Discorpus is a web-based corpus analysis workbench designed for linguists and discourse researchers. It combines classic corpus linguistics tools (KWIC, collocations, n-grams, lexical diversity) with NLP-powered analysis (lemmatization, named entity recognition, topic modelling, sentiment) — all from a single browser interface, with no programming required.
Developed as part of PhD research in Applied Linguistics (Universitat Politècnica de València), with a focus on Critical Discourse Analysis and the automated study of discriminatory language in digital platforms.
MIT license.
Github repository: https://github.com/joserolania-boop/DIscorpus
Feedback from the community is very welcome, as this is an ongoing project aimed at supporting linguistic research and corpus-based work.

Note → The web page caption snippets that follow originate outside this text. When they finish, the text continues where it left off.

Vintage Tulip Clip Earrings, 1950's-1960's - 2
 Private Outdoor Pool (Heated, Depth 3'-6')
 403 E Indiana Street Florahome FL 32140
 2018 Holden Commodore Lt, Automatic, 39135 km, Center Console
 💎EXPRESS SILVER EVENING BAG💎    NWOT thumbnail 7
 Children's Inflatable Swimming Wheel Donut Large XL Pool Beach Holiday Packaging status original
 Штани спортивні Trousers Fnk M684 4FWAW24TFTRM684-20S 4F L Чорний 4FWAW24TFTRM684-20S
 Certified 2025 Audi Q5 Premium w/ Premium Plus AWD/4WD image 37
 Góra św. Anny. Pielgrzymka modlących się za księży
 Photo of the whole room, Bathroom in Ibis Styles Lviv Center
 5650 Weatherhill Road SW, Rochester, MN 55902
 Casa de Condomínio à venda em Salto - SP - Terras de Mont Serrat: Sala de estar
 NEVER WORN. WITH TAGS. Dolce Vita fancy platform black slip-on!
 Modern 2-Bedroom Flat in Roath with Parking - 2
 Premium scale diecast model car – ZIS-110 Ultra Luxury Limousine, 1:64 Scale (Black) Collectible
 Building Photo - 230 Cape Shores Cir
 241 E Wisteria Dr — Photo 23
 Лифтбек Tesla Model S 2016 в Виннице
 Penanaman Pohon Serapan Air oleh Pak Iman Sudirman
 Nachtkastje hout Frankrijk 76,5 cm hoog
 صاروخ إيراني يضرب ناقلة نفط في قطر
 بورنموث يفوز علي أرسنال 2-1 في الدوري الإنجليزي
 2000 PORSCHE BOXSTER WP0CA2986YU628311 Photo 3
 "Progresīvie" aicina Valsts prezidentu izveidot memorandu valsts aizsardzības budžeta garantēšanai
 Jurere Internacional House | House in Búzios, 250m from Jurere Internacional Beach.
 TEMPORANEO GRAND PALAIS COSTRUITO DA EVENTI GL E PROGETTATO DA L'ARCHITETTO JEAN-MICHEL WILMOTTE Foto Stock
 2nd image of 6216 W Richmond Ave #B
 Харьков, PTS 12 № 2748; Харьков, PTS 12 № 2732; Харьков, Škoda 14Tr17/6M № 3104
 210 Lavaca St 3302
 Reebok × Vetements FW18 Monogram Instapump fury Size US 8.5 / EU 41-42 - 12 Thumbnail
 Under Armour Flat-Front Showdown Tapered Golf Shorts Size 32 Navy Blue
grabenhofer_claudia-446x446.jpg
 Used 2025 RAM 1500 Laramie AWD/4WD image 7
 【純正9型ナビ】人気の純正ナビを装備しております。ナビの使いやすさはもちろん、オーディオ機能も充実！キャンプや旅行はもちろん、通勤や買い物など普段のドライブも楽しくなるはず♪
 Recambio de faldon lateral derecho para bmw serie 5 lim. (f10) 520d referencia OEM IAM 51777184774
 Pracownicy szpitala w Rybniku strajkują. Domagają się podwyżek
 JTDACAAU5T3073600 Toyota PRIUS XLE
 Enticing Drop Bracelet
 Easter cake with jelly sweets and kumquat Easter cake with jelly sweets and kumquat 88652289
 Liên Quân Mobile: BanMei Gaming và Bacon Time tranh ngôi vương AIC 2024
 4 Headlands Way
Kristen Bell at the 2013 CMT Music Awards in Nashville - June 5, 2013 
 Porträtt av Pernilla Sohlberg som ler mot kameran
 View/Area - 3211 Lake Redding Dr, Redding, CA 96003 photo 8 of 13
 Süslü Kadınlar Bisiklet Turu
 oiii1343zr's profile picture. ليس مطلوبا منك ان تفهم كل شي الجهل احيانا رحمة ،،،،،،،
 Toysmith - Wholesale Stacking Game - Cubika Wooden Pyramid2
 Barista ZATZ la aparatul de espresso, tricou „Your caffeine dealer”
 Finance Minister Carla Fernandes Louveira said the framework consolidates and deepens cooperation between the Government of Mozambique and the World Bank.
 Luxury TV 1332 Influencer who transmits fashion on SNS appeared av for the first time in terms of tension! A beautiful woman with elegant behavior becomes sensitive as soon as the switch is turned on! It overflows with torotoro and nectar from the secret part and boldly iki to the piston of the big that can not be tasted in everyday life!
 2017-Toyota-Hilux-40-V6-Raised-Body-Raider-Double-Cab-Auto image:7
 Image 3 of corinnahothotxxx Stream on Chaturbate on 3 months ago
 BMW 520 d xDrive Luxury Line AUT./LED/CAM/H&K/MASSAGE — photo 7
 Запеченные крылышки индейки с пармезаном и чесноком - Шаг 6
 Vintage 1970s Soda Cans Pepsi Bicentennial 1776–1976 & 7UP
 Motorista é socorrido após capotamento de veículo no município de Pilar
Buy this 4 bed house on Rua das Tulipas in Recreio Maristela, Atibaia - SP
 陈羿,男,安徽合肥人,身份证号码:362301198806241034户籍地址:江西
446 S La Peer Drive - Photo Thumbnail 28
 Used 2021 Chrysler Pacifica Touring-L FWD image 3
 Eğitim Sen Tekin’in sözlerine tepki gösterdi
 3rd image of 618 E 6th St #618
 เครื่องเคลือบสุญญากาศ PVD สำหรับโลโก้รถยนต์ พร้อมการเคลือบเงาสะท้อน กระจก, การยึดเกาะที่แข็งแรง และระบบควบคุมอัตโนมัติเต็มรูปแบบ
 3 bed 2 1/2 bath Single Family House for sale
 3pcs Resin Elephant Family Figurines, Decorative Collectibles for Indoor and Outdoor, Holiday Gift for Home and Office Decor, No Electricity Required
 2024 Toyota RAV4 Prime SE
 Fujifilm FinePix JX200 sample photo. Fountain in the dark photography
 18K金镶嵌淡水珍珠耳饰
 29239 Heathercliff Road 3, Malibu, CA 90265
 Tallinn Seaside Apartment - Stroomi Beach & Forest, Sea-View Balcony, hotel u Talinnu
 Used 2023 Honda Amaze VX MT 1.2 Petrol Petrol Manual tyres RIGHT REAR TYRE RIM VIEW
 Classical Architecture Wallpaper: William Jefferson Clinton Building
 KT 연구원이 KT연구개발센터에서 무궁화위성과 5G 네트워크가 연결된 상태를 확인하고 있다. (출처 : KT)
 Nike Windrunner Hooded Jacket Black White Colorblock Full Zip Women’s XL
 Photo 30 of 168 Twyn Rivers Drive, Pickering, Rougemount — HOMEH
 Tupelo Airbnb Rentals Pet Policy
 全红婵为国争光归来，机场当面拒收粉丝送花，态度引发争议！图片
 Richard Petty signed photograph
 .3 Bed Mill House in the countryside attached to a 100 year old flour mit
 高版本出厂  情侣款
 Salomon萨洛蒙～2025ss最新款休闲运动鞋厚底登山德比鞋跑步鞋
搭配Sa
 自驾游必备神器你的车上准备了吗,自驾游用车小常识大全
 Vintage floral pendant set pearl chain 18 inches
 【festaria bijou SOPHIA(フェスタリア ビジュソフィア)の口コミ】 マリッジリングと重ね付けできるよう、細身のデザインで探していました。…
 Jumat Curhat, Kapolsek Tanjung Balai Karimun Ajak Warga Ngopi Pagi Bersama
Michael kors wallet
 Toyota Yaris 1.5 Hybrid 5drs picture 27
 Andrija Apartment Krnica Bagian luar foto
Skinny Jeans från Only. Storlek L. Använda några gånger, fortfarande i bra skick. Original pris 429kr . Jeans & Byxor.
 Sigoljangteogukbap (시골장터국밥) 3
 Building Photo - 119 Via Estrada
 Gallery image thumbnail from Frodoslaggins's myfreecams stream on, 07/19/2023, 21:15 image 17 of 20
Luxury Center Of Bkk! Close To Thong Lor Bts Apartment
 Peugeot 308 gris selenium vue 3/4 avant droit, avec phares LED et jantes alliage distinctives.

The tool is freely available for academic and educational use.
Hi...
That seems an interesting tool. Since it works with SpaCy, can we adapt it for using other models/languages?
Rod.
*---* *Prof. Dr. Rodrigo Esteves de Lima Lopes* *Universidade Estadual de Campinas* Livre Docente em Linguagem e Tecnologia || Habilitated Professor in Language and Technology || CV (Português) http://lattes.cnpq.br/1654734521861377*||*ORCID https://orcid.org/0000-0003-3681-1553 *|| *Google Scholar https://scholar.google.com.br/citations?user=q1V4jksAAAAJ&hl=pt-BR
On Thu, 28 May 2026 at 15:19, Jose Rolanía Navarro via Corpora < corpora@list.elra.info> wrote:
Discorpus is a web-based corpus analysis workbench designed for linguists and discourse researchers. It combines classic corpus linguistics tools (KWIC, collocations, n-grams, lexical diversity) with NLP-powered analysis (lemmatization, named entity recognition, topic modelling, sentiment) — all from a single browser interface, with no programming required.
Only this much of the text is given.